Secondo il rapporto, le donne rappresentano la maggioranza dei laureati italiani. Nonostante questo, soprattutto nel Mezzogiorno, sono gli uomini ad avere maggiori probabilità di trovare un impiego e di ottenere retribuzioni più elevate.
Il divario si accentua ulteriormente con l’arrivo dei figli, una situazione che continua a influenzare negativamente la carriera femminile.
Uno degli aspetti più evidenti riguarda la scelta dei percorsi universitari.
Le donne continuano a essere meno presenti nelle discipline STEM, ovvero scienza, tecnologia, ingegneria e matematica, dove rappresentano il 40,5% degli iscritti.
La componente femminile è invece particolarmente numerosa nei corsi di laurea linguistici, psicologici e umanistici.
Una differenza che, nel lungo periodo, contribuisce anche alle disparità occupazionali e salariali.
Il rapporto evidenzia anche una differenza nelle retribuzioni.
In media, gli uomini percepiscono circa 67 euro netti in più al mese rispetto alle donne, confermando come il gender gap salariale continui a essere una realtà nel mercato del lavoro italiano.
Oltre alla questione di genere, pesa il divario territoriale.
Chi lavora nel Nord Italia ha una probabilità di occupazione superiore del 34,8% rispetto a chi vive e cerca lavoro nel Sud del Paese.
Una distanza che continua a rappresentare una delle principali criticità del sistema economico italiano.
Lo studio mette in evidenza anche un altro dato significativo.
Il 34,7% dei laureati ha almeno un genitore laureato.
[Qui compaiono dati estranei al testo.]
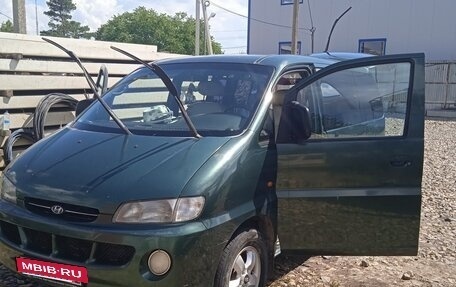 Hyundai H-1 II рестайлинг, 1999 год, 620 000 рублей, 2 фотография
La percentuale sale al 46,3% nei corsi magistrali a ciclo unico.
Un dato che conferma come l’accesso all’istruzione universitaria continui a essere influenzato dal contesto familiare e sociale di provenienza.
Nonostante l’aumento dei laureati negli ultimi anni, l’Italia continua a occupare le ultime posizioni in Europa per numero di giovani laureati.
Secondo i dati Eurostat, soltanto il 31,1% degli italiani tra i 25 e i 34 anni possiede una laurea, una percentuale inferiore rispetto alla media europea.
Cambia anche l’atteggiamento delle nuove generazioni nei confronti dell’occupazione.
I laureati di oggi sono meno disposti ad accettare qualsiasi proposta pur di lavorare. La disponibilità ad accettare un impiego poco gradito è passata dall’87,2% del 2016 al 76,4% del 2025.
Sempre più giovani cercano un equilibrio tra soddisfazione professionale, qualità della vita e retribuzione adeguata.
Tra le esigenze più richieste c’è anche la flessibilità lavorativa.
A un anno dal conseguimento del titolo, il lavoro da remoto coinvolge il 17,1% dei laureati triennali e il 32% di quelli magistrali, confermando una tendenza ormai consolidata nel mercato del lavoro.
Non sempre il percorso universitario trova un’applicazione diretta nella professione svolta.
Il 39,4% dei laureati di primo livello dichiara di utilizzare poco o per nulla le competenze apprese all’università. La percentuale scende al 32,5% tra i laureati magistrali.
Un dato che evidenzia il persistente disallineamento tra formazione accademica e mercato del lavoro.
Nonostante le difficoltà, il tasso di occupazione a un anno dalla laurea raggiunge l’81,2%.
Le retribuzioni medie restano però contenute: circa 1.491 euro netti mensili per i laureati di primo livello e 1.495 euro per quelli magistrali.
Numeri che raccontano una realtà in cui l’investimento nello studio continua a rappresentare una risorsa importante, ma che non sempre garantisce opportunità adeguate alle aspettative dei giovani.
Il quadro tracciato da AlmaLaurea mostra un Paese in cui le donne continuano a eccellere negli studi, ma dove persistono disuguaglianze economiche, occupazionali e territoriali.
Ridurre questi divari rappresenta una delle sfide più importanti per il futuro dell’istruzione e del lavoro in Italia.